= COLLECTED MATERIAL =
----------

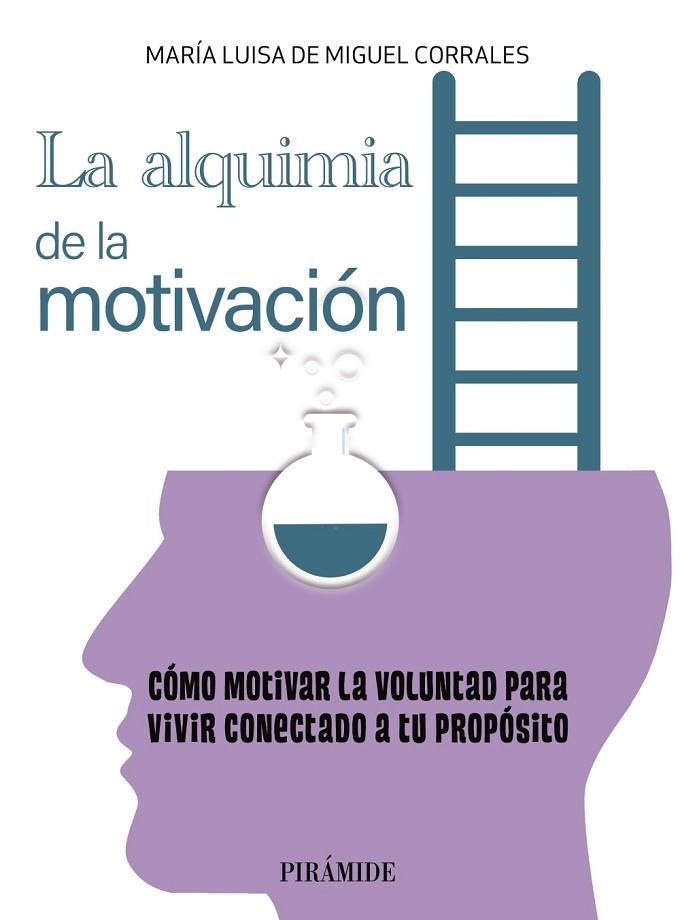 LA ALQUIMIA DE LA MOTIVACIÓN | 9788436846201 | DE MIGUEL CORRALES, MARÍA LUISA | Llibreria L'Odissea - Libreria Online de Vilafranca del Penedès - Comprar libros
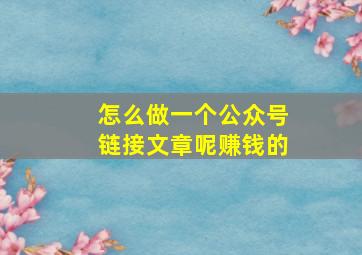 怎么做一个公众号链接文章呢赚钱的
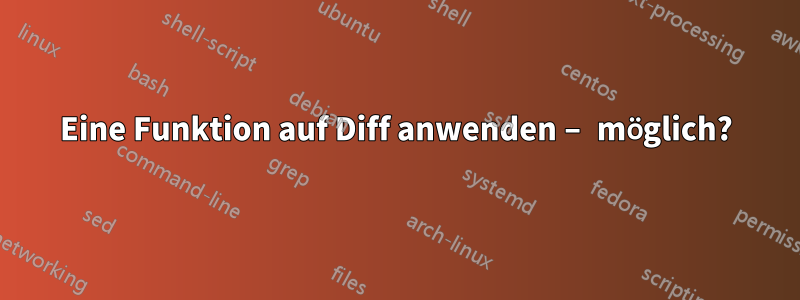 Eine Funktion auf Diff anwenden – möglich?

----------

= WHAT IS REQUIRED =
Without reproducing any picture, repeat exactly the lines from the one containing "怎么做一个公众号链接文章呢赚钱的" through the last line of the material above, both ends included.

= SOLUTION TO THE PROBLEM =
 怎么做一个公众号链接文章呢赚钱的
 Eine Funktion auf Diff anwenden – möglich?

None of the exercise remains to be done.